Sorry for that detour into speaker geekery, but it may be helpful in understanding why I feel somewhat entranced by the Image B4s. The B4s have less of this midrange spikiness than most other speakers I’ve used in a desktop setting. In part that may be due to the small woofer employed here, which has good off axis response up to fairly high frequencies. It may be due to special crossover sauce. In a conversation with Paul Barton, he pointed out that he spent extra time making sure he reduced what is called vertical "lobing", or the existence of hot spots and dead spots as you move your ears up and down (not that you're bobbing and weaving, but lobing can lead to unpredictable response depending on your installation). In any event, the B4s give a sense of smooth, even midrange that is very helpful in transcending is obviously a material distortion in desktop sound present in many speakers used on the desktop.
I also found that the imaging of the B4s in desktop mode was pretty convincing. Lateral spread is excellent and the speakers get the image off the boxes like champs. Of course we’re speaking here within the confines of speakers that are about two feet apart on a desktop.
Put all of that together and you have a genuinely musical desktop speaker. Or at least that’s the way it seems with the music I’ve listened to so far. Stay tuned for our full review.
Comments
It's amazing how much time Mr. Barton appears to put in at NRC when Lenbrook could likely build a much fancier facility closer to home. I've owned many different models (20MkII, Alpha, Alpha B, Alpha AV, Century 800, Stratus Mini, Silver, 2 pairs of Goldi) over the years and have never been disappointed. Kudos to a pioneer in Canadian speaker designs and one of the best in the business.
So how would the B4 do in a 2.1 setup in a mid-size room?

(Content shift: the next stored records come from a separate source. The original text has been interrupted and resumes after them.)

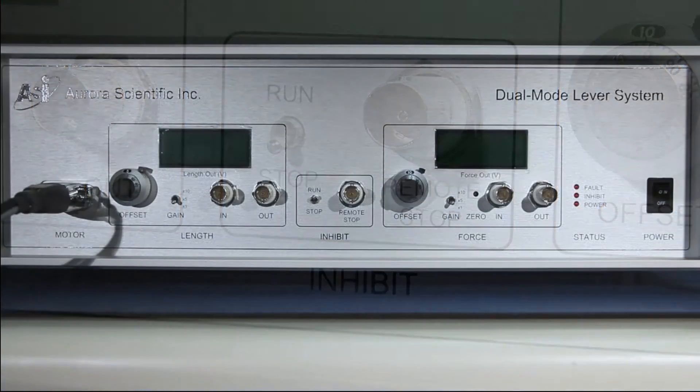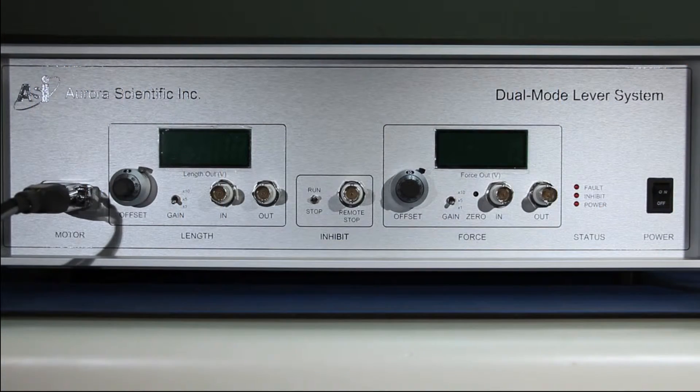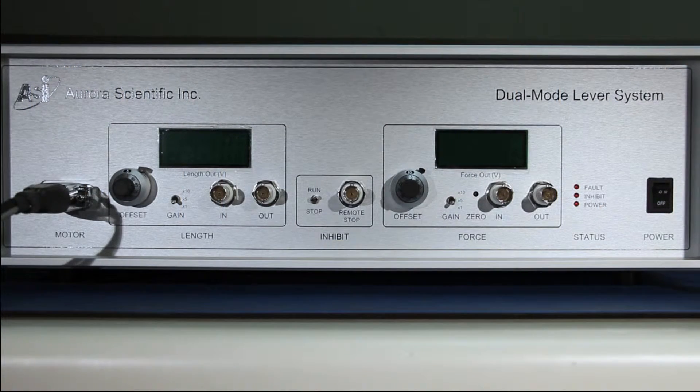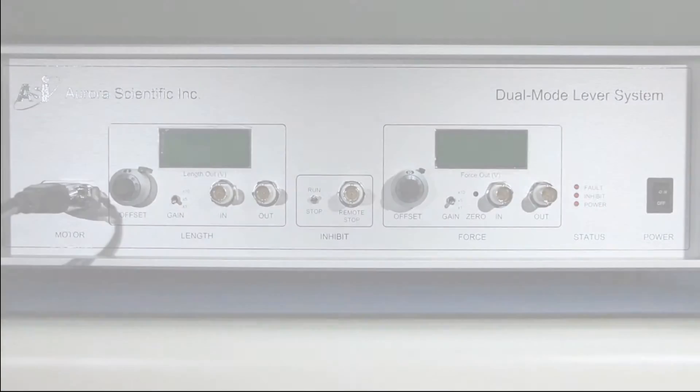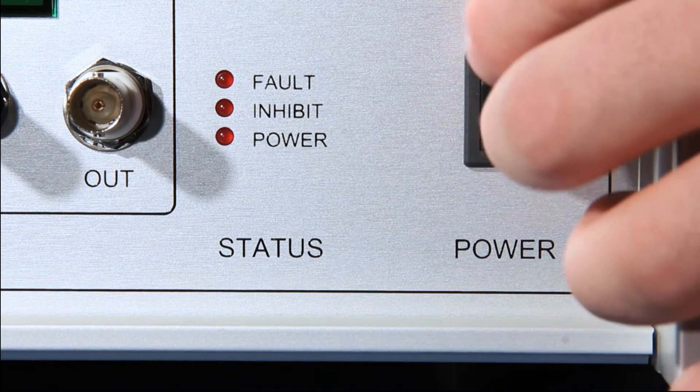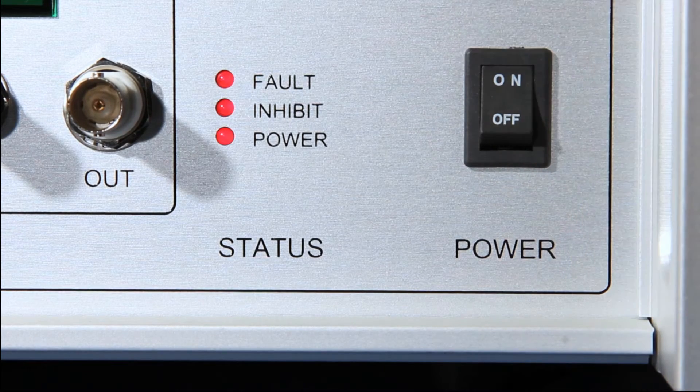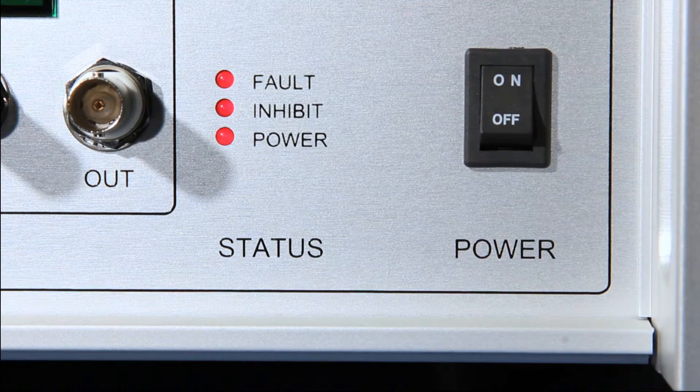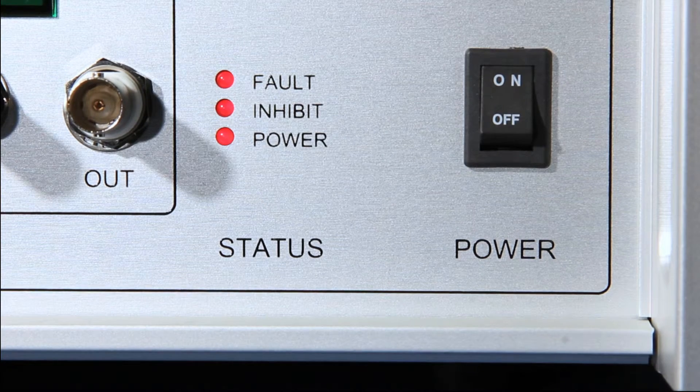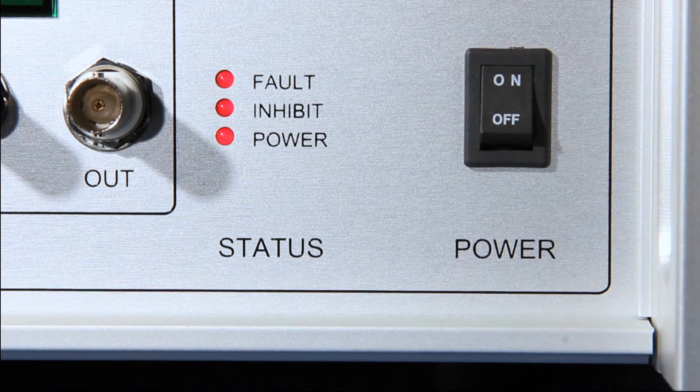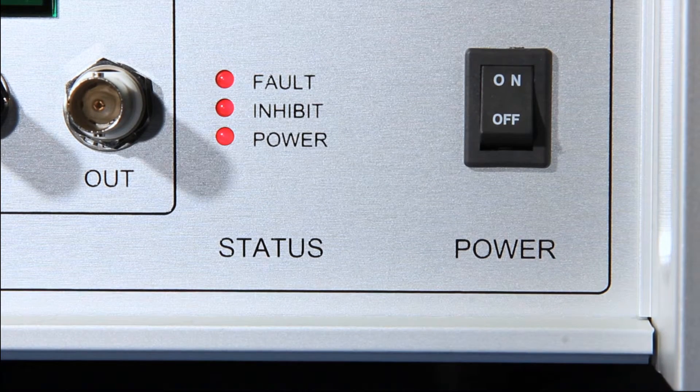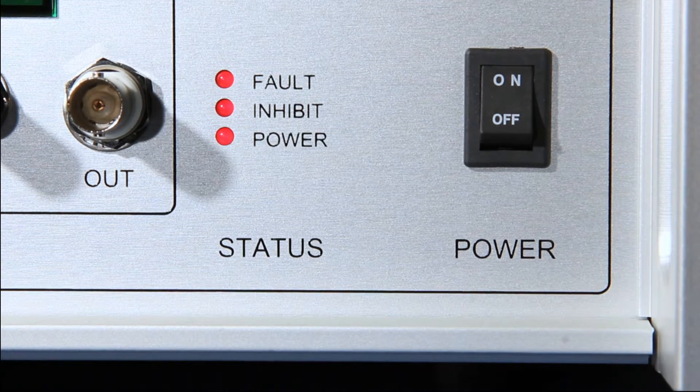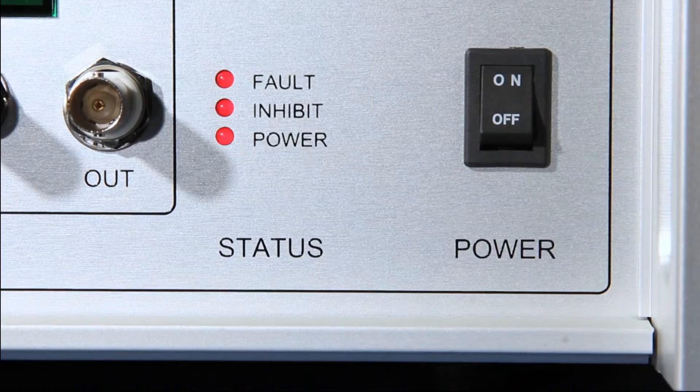Now we are ready to turn the unit on. Flip the front panel switch on. All status indicator lights to the left of the power switch should be glowing red.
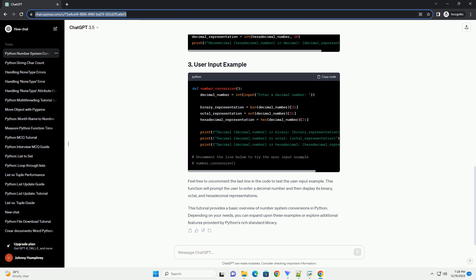This tutorial provides a basic overview of number system conversions in Python. Depending on your needs, you can expand upon these examples or explore additional features provided by Python's rich standard library.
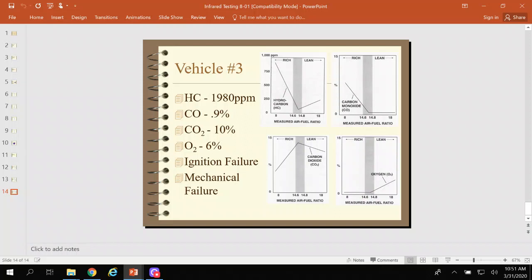This is an ignition failure, maybe a mechanical failure — the ignition isn't working but it is getting fuel. The only time you can have high HC and high O₂ at the same time is a misfire. That's your important part.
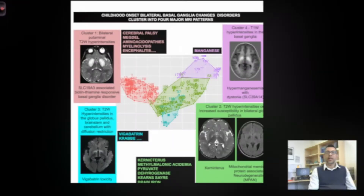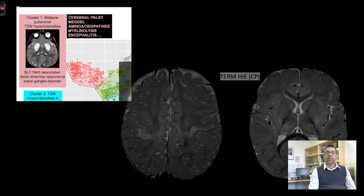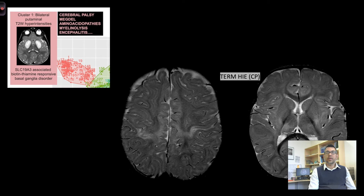The largest group consisted of children who had T2-weighted hyperintensities in the putamen, including cerebral palsy due to birth injury in term infants, but also rarer disorders like biotin-thiamine-responsive basal ganglia disease.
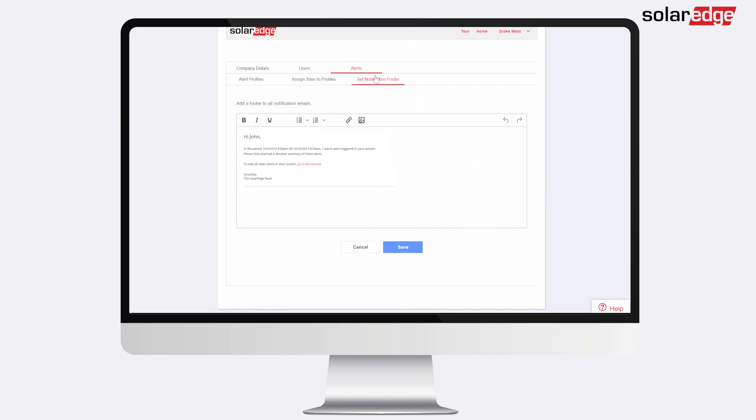The message can include alert handling guidelines, hyperlink, contact information, your company logo, or any other content you'd like.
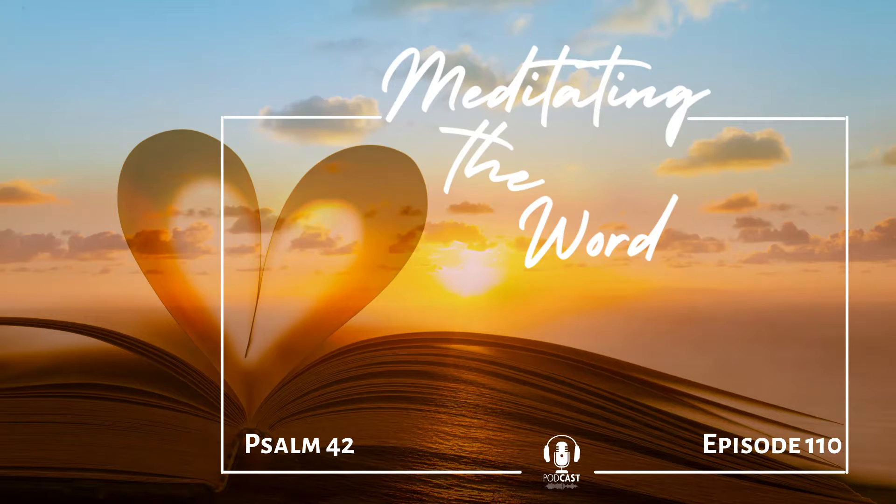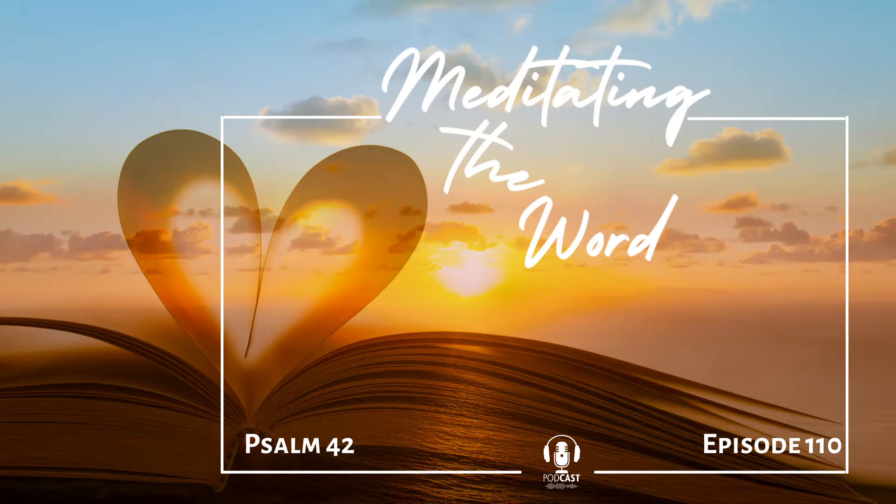Today's meditation is on Psalm 42. As the deer pants for water, so I long for you, O God.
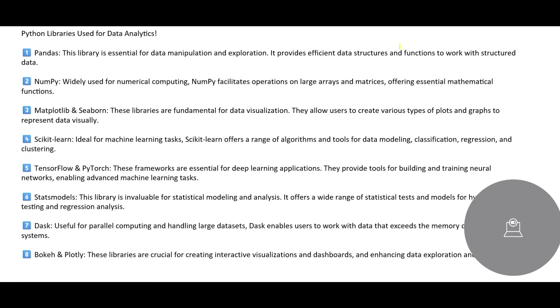From here we have a description of some of the key stuff that we use day to day. Pandas, we use it for data manipulation and exploration. And NumPy, we use it for numerical computing. So you just have to include these libraries and you can make use of this in your code.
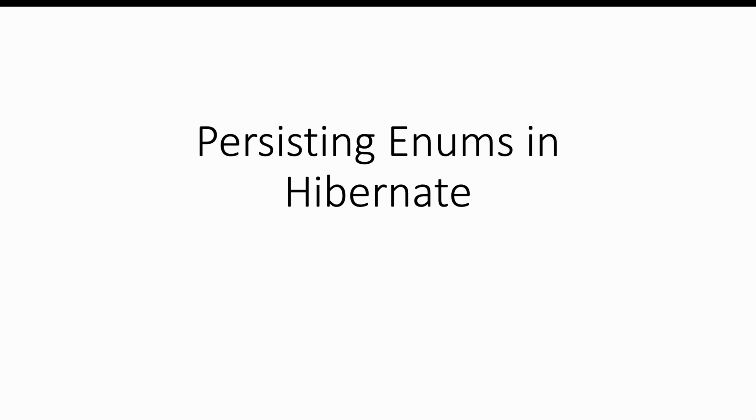Hi everyone and welcome to this session. Today we will see how to deal with enumeration in Hibernate. So let's get started.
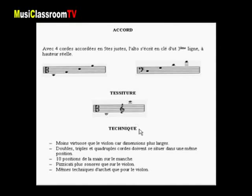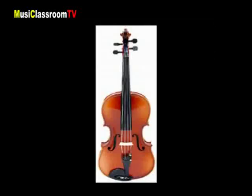La technique de l'alto est à peu près identique à celle du violon. Mais bien sûr, l'instrument est moins virtuose que le violon car ses dimensions sont plus importantes. Il peut aussi produire des doubles, triples et quadruples cordes, possède dix positions de la main sur le manche, de la plus grave vers la plus aiguë, et peut produire également des pizzicatos et des sons harmoniques comme le violon.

If crossover is approx 80-100Hz, would there be any reason to use B5 or B6 rather than B4? THANKS for the review!
PSB is sending a sub so that we can try such a setup. That said, with a crossover at 80hz, the main speakers still have substantial work to do below that point, so the larger models may still have a bass advantage.
CEO and Editorial Director, Nextscreen LLC
Great! Looking forward to your thoughts on that setup.
Tom, would you say the B4 is a better desktop speaker than the B5 or B6? Or do the B5 and B6 also lack that "sharpness or sense of elevated response in the midrange that can give them a glassiness or edge"?